Part III: Final Results
We now have a blisteringly robust minesweeper solver that *correctly* determines the probability of each tile being a mine for even enormous grids in reasonable time.
Granted, there are artificial cases where the algorithm explodes into exponential runtime, but for nearly all practical gameplay scenarios, the boundary forms nice thin lines and the algorithm is able to slide along them.
Here it is playing smoothly on a comically large grid of 300 x 150 with 10 thousand mines:
Note: even with perfect play, a grid this size will have close to zero wins due to the sheer number of random flips that appear.
And here it is compared to the usual backtracking algorithm on 30×30 grids. Note that on larger grids, the backtracking one tends to get stuck for a very very long time but in 30×30 it usually makes progress:
Here it is wizzing through 2000 expert grids in 80 seconds:
The win rate for the 2007 expert runs above is 52.96%.
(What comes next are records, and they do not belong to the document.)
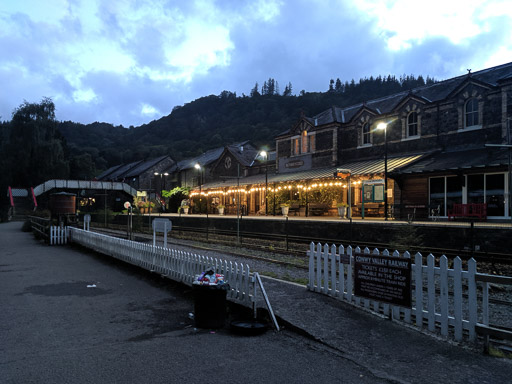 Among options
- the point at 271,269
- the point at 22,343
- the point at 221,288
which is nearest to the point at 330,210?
the point at 271,269

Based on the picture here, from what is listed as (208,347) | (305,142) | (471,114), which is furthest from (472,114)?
(208,347)

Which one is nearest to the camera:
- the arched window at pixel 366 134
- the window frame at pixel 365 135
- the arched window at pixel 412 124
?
the arched window at pixel 412 124

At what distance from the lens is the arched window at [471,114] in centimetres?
1988

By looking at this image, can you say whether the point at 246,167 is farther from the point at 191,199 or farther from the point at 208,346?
the point at 208,346

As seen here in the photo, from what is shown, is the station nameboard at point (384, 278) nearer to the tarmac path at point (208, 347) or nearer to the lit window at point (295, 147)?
the tarmac path at point (208, 347)

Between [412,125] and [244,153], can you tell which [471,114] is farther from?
[244,153]

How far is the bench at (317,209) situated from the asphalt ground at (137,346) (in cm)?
1792

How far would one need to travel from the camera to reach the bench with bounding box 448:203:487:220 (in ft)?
54.0

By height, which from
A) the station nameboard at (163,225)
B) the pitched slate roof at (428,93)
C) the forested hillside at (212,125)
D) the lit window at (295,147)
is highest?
the forested hillside at (212,125)

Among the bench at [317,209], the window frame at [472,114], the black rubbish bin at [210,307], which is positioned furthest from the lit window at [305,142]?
the black rubbish bin at [210,307]

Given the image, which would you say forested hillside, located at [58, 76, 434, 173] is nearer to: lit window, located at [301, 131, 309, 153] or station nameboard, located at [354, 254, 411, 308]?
lit window, located at [301, 131, 309, 153]

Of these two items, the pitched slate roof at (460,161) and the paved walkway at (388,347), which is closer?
the paved walkway at (388,347)

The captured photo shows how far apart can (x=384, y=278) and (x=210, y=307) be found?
108 inches

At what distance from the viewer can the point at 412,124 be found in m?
23.0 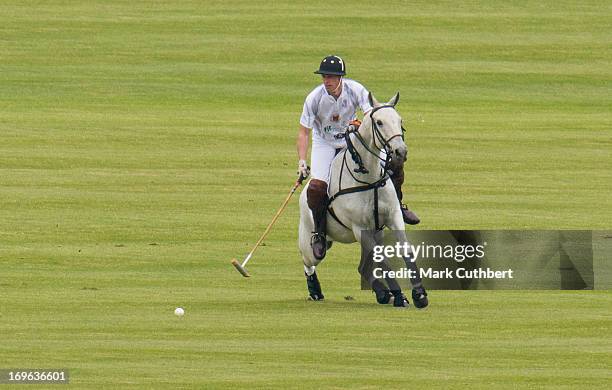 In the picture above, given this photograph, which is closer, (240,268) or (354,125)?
(354,125)

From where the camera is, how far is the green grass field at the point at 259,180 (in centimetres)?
1573

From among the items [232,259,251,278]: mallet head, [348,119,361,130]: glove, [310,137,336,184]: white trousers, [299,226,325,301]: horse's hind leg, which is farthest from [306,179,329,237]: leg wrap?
[232,259,251,278]: mallet head

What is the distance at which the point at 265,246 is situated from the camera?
2422cm

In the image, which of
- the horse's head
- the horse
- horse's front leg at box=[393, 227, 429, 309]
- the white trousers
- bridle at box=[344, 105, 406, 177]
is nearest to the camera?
the horse's head

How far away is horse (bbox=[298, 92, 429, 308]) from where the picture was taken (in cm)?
1830

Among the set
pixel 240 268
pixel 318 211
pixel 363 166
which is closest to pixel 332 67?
pixel 363 166

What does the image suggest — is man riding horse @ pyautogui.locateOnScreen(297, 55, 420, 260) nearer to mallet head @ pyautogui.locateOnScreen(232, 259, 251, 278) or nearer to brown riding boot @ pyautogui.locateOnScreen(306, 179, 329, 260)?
brown riding boot @ pyautogui.locateOnScreen(306, 179, 329, 260)

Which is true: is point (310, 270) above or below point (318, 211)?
below

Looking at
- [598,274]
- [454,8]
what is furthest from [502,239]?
[454,8]

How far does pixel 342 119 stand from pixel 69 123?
64.9 feet

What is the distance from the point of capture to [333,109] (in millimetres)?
19469

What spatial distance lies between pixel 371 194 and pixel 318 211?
858 millimetres

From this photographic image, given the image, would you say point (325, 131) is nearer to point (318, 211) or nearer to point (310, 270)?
point (318, 211)

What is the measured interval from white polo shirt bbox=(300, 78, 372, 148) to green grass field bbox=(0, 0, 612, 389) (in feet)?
6.18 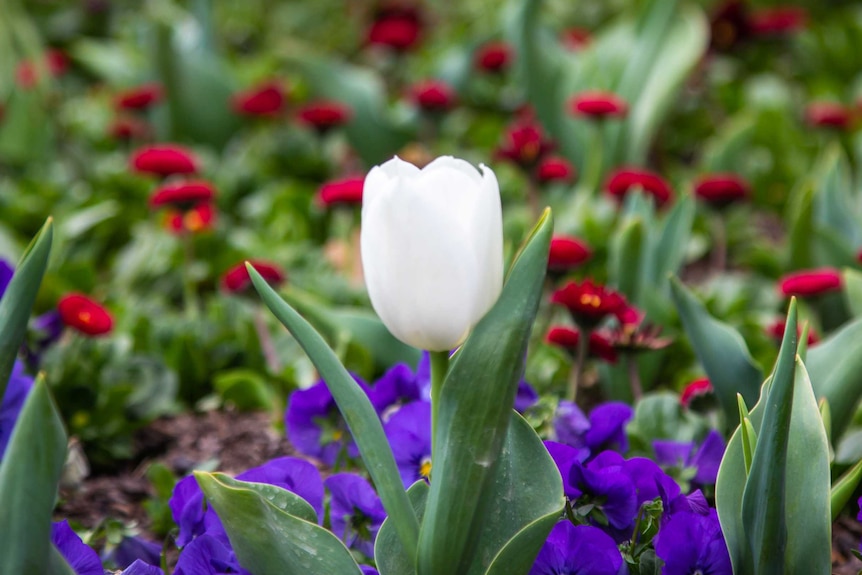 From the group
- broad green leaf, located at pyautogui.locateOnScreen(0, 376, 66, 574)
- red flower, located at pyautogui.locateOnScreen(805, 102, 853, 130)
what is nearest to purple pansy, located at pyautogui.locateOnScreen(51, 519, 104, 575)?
broad green leaf, located at pyautogui.locateOnScreen(0, 376, 66, 574)

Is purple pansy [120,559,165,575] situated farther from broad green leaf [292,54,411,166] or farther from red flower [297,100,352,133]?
broad green leaf [292,54,411,166]

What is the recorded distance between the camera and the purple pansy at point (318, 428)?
1.29 meters

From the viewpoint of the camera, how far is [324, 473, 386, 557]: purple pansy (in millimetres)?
1097

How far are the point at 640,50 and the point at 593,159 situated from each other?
0.43 metres

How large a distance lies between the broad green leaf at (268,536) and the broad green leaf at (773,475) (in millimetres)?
364

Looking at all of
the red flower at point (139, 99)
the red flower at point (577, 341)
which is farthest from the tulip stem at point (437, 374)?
the red flower at point (139, 99)

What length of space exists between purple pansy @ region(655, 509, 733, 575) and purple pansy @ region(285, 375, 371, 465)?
0.46 m

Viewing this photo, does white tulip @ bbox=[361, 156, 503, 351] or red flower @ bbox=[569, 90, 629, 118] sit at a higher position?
white tulip @ bbox=[361, 156, 503, 351]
IN this article, only algorithmic speed and correctness was considered. There is some work to do on actual winrate. We need to improve the choice of the next tile to click, in moments where no tiles are entirely safe.
Currently, the AI picks the tile with the lowest probability of being a mine, without considering how much information that tile would produce. It also disregards improvement in information that the tile might receive as a result of knowing better the number of tiles remaining. For example, in the example below with 11 total mines (so 3 yet unflagged), all tiles marked “A” have 0.333 probability, while the two tiles marked “B” have 50-50. However, the B group is completely independent and should be hit first, in order to gain possible information about the rest of the mines. Since they need to be hit with 50-50 at some point anyway, might as well do it earlier.
Some ways to solve this might include a full game-tree analysis on all remaining mine possibilities once the number of tiles remaining is small. Another might be to measure the entropy reduction of every action – if we click this square and don’t die, how many combinations are there in each revealed number possibility? The lower the squared sum the better. Finally, it might be possible to train a Neural Network to recognize common shapes of frontiers to determine the “juciest” squares to hit next, and incorporate that to the probability weights. Training data might involve simulations of each possible click in many scenarios and whether they win or not after playing through normally.